# Nikon D3200 and a Aperlite YH-700n



## mgblunt (Oct 14, 2015)

If someone can help me with this it would be great,,I have a Nikon D3200 and I bought a Aperlite YH-700n flash the instructions are at best not good so what I need to figure out is how to set the flash to "high speed sync" there is a button that is suppose to toggle between high speed sync/curtains curtain synchronization but no matter how I set this my camera will not allow a shutter speed over 1/200. When I push this button all I can see on the display is a three arrow symbol flash on and off as I toggle so is there something I'm missing I have tried manual settings shutter priority and everything in between?


----------



## Alexr25 (Oct 14, 2015)

To use high speed sync both the flash unit and the camera must be able to support that feature.
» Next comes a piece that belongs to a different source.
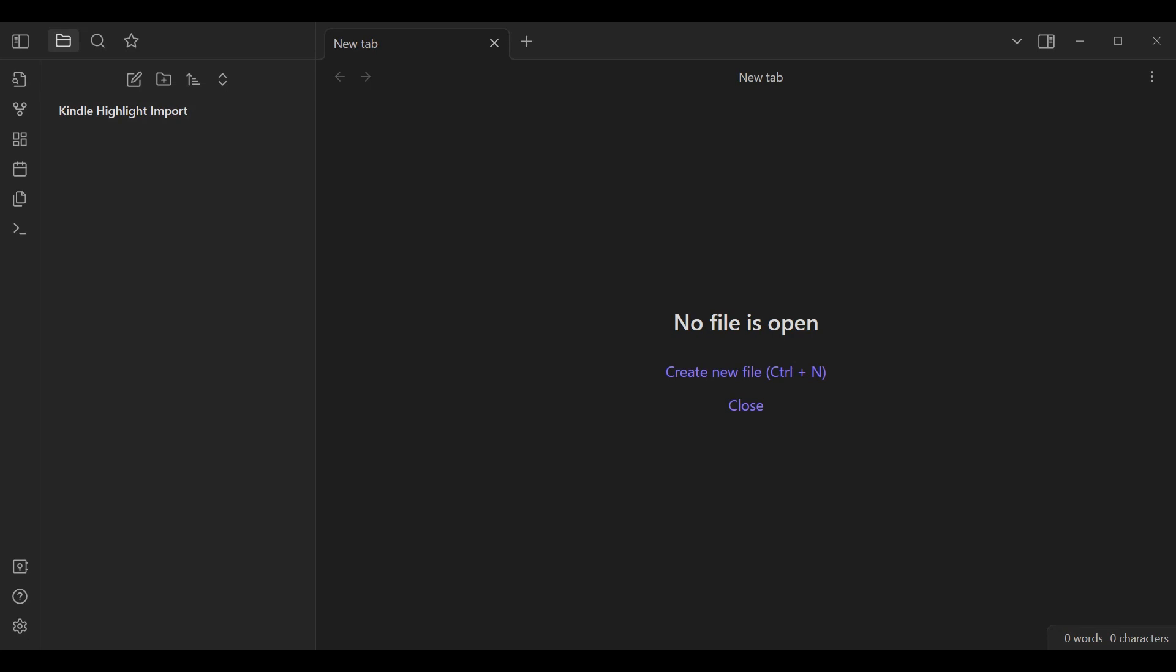Welcome. Today I'm going to be going over how to import individual Kindle Highlights into individual notes within Obsidian.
I have no idea whether the Aperlite YH-700n supports HSS but I do know that neither the D3XXX nor the D5XXX range of Nikon cameras support high speed sync. So the simple answer is it can't be done with your camera.


----------



## mgblunt (Oct 15, 2015)

Alexr25 said:


> To use high speed sync both the flash unit and the camera must be able to support that feature. I have no idea whether the Aperlite YH-700n supports HSS but I do know that neither the D3XXX nor the D5XXX range of Nikon cameras support high speed sync. So the simple answer is it can't be done with your camera.


Thanks for the response I guess I'll be upgrading my camera soon.


----------